Inclusive Trees can be used for both IP and non-IP data multicast
traffic, while Selective Trees can be used only for IP multicast data
traffic.
A variety of transport technologies may be used in the backbone. For
inclusive trees, these transport technologies include point-to-
multipoint LSPs created by RSVP-TE or mLDP. For selective trees, only
unicast PE-PE tunnels (using MPLS or IP/GRE encapsulation) and
unidirectional single-source trees are supported, and the supported
tree signaling protocols are RSVP-TE, and mLDP.
This document also describes the data plane encapsulations for
supporting the various SP multicast transport options.
6.2. BGP-Based VPLS Membership Auto-Discovery
In order to establish Inclusive multicast trees for one or more VPLSs
the root of the tree must be able to discover the other PEs that have
membership in one or more of these VPLSs. This document uses the BGP-
based procedures described in [RFC4761] and [L2VPN-SIG] for
discovering the VPLS membership of all PEs.
6.3. IP Multicast Group Membership Discovery
The setup of a Selective P-tree for one or more IP multicast (S, G)s
requires the ingress PE to learn the PEs that have receivers in one
or more of these (S, G)s. For discovering the IP multicast group
membership, procedures described in [VPLS-CTRL] should be used.

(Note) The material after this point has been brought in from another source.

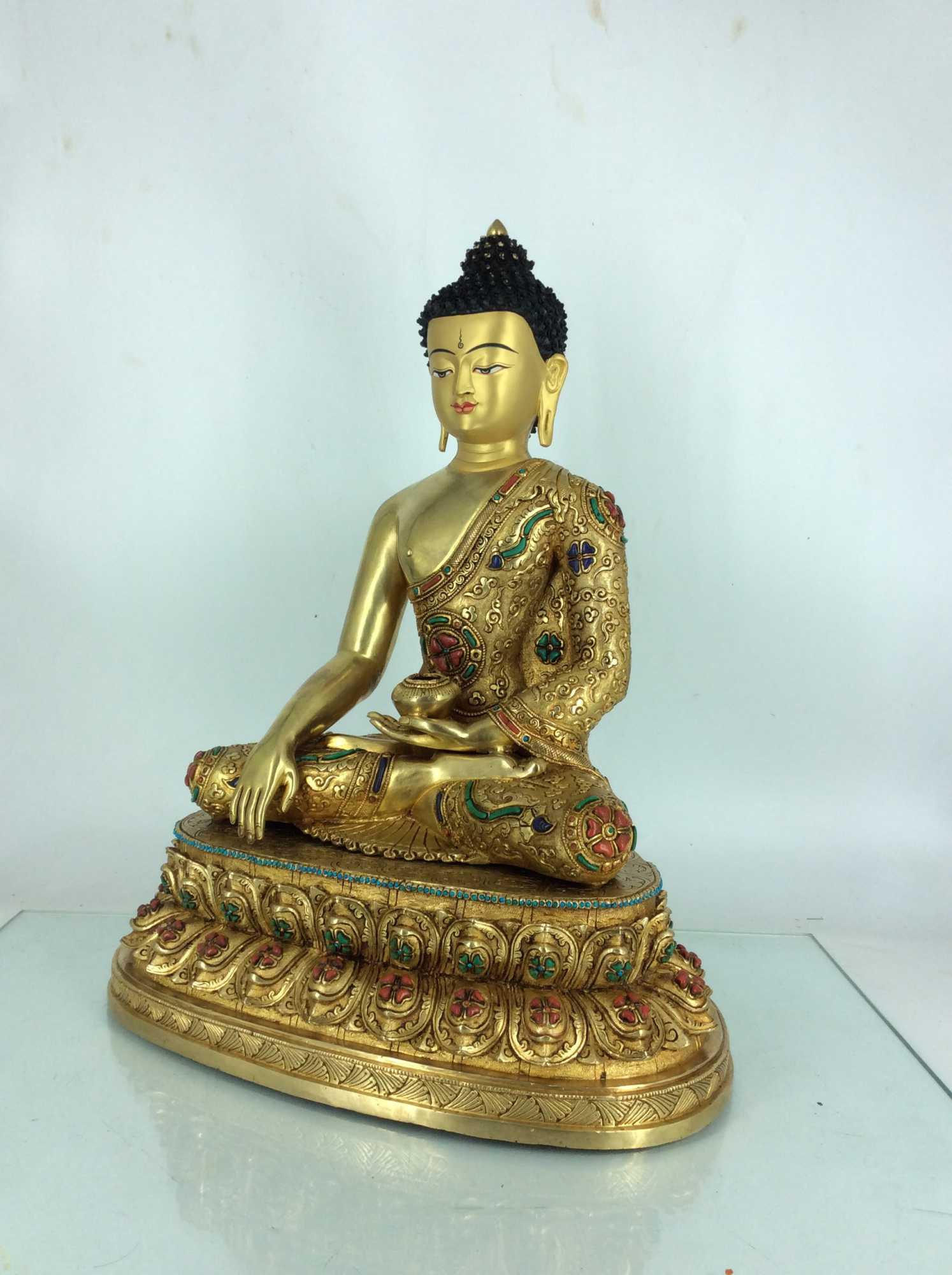 TÔN TƯỢNG THÍCH CA MÂU NI NEPAL CAO CẤP 45CM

Procedures in [VPLS-CTRL] can also be used with ingress replication
to send traffic for an IP multicast stream to only those PEs that are
on the path to receivers for that stream.
6.4. Advertising P-Tree to VPLS / C-Multicast Binding
This document also describes procedures based on BGP VPLS Auto-
Discovery that are used by the root of an Aggregate Tree to advertise
the Inclusive or Selective tree binding and the de-multiplexing
information to the leaves of the tree. A new BGP attribute called the
P-Tunnel Attribute is introduced for this purpose.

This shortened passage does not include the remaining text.